In the listing below, locate the line containing "Appartement Charmant avec" and the line containing "Jeans ampio con". Output both of them and every line between, exactly as written, and nothing more.

═════ INFORMATION

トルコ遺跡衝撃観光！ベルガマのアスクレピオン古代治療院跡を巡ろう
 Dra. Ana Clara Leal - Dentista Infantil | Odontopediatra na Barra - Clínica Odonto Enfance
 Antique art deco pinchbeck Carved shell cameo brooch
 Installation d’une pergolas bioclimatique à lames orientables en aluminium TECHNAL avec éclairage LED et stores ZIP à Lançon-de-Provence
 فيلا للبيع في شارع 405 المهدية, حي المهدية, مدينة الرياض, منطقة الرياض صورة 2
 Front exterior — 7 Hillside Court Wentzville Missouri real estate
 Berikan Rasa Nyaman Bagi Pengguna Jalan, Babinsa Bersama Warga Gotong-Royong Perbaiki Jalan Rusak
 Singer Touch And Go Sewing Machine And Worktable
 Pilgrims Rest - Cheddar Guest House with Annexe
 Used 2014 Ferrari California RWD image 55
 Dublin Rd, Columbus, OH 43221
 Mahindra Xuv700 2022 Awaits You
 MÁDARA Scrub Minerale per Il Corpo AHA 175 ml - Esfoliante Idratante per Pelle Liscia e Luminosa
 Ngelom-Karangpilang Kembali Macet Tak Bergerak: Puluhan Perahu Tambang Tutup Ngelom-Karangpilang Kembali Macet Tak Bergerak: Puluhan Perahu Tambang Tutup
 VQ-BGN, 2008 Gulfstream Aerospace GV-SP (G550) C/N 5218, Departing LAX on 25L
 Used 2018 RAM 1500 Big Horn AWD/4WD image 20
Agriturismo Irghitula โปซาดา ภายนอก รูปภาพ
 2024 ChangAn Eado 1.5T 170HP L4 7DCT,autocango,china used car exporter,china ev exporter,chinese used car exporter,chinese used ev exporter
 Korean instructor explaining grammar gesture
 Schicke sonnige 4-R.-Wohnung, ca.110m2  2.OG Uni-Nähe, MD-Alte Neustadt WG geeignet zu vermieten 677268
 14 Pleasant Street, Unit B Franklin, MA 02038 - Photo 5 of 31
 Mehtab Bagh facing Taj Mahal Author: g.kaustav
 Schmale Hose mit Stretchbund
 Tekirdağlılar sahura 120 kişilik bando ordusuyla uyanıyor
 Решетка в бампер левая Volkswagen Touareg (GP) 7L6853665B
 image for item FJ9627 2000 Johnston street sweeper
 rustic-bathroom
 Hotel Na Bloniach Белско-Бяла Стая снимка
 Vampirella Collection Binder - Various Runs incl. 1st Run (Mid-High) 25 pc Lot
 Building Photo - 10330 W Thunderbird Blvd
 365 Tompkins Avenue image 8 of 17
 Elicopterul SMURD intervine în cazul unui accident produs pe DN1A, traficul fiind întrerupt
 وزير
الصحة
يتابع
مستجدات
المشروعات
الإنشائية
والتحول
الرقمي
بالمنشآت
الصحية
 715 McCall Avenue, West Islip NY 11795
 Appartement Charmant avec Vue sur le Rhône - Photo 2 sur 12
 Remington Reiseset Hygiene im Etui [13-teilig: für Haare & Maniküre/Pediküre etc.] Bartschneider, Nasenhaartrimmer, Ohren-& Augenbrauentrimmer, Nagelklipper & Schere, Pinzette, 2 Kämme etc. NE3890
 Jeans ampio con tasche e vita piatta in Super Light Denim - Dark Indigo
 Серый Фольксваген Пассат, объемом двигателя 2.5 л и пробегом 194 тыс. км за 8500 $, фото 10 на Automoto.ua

══════════

- _WRITTEN RESPONSE_:
 Appartement Charmant avec Vue sur le Rhône - Photo 2 sur 12
 Remington Reiseset Hygiene im Etui [13-teilig: für Haare & Maniküre/Pediküre etc.] Bartschneider, Nasenhaartrimmer, Ohren-& Augenbrauentrimmer, Nagelklipper & Schere, Pinzette, 2 Kämme etc. NE3890
 Jeans ampio con tasche e vita piatta in Super Light Denim - Dark Indigo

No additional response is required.